Task statement: The records below hold a stretch from the line with "Kitsworld 1/32 Scale" through the line with "Joselin Sliding Door"; return exactly those lines, ends included, and nothing more.

(Beginning of Data for analysis)

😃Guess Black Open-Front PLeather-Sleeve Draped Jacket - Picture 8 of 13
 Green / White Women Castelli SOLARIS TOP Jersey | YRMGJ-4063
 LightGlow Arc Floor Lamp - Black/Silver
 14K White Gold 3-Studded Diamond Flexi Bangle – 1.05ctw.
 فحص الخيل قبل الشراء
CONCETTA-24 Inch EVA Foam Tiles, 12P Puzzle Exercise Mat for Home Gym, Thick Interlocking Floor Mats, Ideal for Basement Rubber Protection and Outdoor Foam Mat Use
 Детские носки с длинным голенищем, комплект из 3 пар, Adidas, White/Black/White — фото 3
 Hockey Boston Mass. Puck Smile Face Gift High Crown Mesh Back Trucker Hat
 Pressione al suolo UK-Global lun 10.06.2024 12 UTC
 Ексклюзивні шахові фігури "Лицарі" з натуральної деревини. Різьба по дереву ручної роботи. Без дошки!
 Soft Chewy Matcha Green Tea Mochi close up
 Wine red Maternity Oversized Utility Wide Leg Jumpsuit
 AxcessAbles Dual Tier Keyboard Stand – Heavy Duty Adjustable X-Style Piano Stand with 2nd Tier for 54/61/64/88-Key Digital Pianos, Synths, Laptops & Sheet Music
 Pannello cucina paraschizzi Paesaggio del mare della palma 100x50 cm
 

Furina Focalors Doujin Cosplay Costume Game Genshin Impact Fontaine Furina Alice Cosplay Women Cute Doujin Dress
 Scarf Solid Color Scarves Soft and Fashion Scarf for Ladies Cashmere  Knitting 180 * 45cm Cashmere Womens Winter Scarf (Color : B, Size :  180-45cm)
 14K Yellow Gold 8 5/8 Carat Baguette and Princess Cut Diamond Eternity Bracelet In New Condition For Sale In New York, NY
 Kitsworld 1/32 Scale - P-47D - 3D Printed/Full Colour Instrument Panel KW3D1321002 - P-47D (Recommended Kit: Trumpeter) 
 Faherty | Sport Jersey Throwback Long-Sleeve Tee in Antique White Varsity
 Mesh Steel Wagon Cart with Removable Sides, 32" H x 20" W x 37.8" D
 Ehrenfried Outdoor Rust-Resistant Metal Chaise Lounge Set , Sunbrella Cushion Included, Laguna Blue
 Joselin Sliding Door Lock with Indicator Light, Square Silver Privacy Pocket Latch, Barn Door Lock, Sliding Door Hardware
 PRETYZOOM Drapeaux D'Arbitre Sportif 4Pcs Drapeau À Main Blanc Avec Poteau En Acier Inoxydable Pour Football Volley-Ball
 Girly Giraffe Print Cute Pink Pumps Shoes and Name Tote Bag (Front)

(End of Data for analysis)

Solution for this exercise:
 Kitsworld 1/32 Scale - P-47D - 3D Printed/Full Colour Instrument Panel KW3D1321002 - P-47D (Recommended Kit: Trumpeter) 
 Faherty | Sport Jersey Throwback Long-Sleeve Tee in Antique White Varsity
 Mesh Steel Wagon Cart with Removable Sides, 32" H x 20" W x 37.8" D
 Ehrenfried Outdoor Rust-Resistant Metal Chaise Lounge Set , Sunbrella Cushion Included, Laguna Blue
 Joselin Sliding Door Lock with Indicator Light, Square Silver Privacy Pocket Latch, Barn Door Lock, Sliding Door Hardware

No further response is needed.